Generating New Shipment Schedules | Building Intelligent .NET Applications(c) Agents, Data Mining, Rule-Based Systems, and Speech Processing

< Day Day Up >

The Mining-Model Results

In Chapter 5, Savings Mart used a system of minimum and maximum thresholds to indicate when shipments to stores should be generated. At the end of one year, management realized that 295 shipments were made for Store 1 alone. Thus, for every day of the year, there was an 81 percent probability (295/365 = .8082191) that a shipment would be made. Since each shipment involves substantial operating costs, management knew that a better system would have to be devised.

In Chapter 5, Analysis Services was used to build a mining model named "Analyze Shipments." This mining model attempted to predict the most influential factors affecting the days between shipments and the quantity to be shipped. When we examine the Content through the Relational Mining Model Editor, we can see that the most significant factor affecting days since last shipped is the vendor name.

If we drill down on the vendor named Ables (see Figure 6.1), we see that the next significant factor is the Store ID. The Store ID is used to distinguish predictions on two levels. The first split separates predictions for Store ID 1 from all the other stores. Beyond that, it also separates predictions for Store ID 3 from all the other stores in this case Stores 2, 4, and 5. For the remaining stores, there is a 90 percent probability that there will be 111 days between shipments.

Figure 6.1. Screenshot of the Content Editor as it displays the node path where vendor name is Ables and the Store ID is not 1 and not 3.

Note

Prediction results are dependent upon the data and will vary if you choose to run the LoadSampleData program in Chapter 5 with parameters different from the ones listed in the book. If you generated purchases just for Store 1 and not the others, the most significant factor will be product type and not vendor name.

For every vendor there are predictions of the time to ship products and what quantity should be shipped. The next step is to get the information into a useable format so that new shipping schedules can be estimated. This involves the ability to query the mining-model results for specific vendors and stores.

Refreshing the Mining Model

Once a mining model has been trained and tested, and you believe it will produce good results, you will need to set up a process that allows the mining model to be refreshed periodically. Refreshing a mining model involves retraining the mining model using new and/or updated data without recreating it. This can be done manually using Analysis Manager, or programmatically using Decision Support Objects (DSO).

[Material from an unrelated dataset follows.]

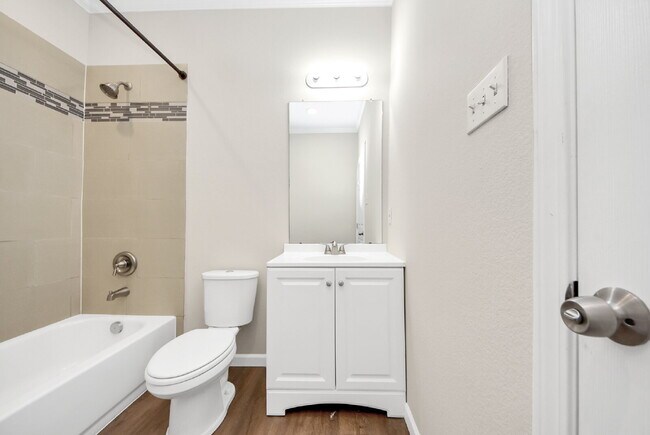 Building Photo - Renovated Houston Gem Near Downtown & the Medical Center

The LoadSampleData project from Chapter 5 has been modified to include additional procedures for this chapter. The revised project LoadSampleData is available for download from the book's Web site. If you copy the files to your local machine, open the solution file, and expand the References node in Solution Explorer, you will see a reference for ADODB and DSO. The DSO reference is a COM-based reference to the Microsoft Decision Support Object library. This will allow us to programmatically process the mining model. The third reference is a .NET reference to the ADOMD library namespace, Microsoft.AnalysisServices.AdomdClient. This will only be available after you have successfully installed the ADOMD.NET SDK.

Open the main form by double-clicking Form1.vb in Solution Explorer. You should see a new button titled Apply Shipment Schedules (see Figure 6.2). Clicking this button will execute two routines named ProcessMiningModel and PopulateShipmentSchedulesTable. Note that the input variables available in the last chapter were removed and hard-coded within the program to speed processing time.

Figure 6.2. Screenshot of the main form used by the LoadSampleData project available with Chapter 6. This project is based on the same one in Chapter 5, but applies the predictions made by Analysis Services.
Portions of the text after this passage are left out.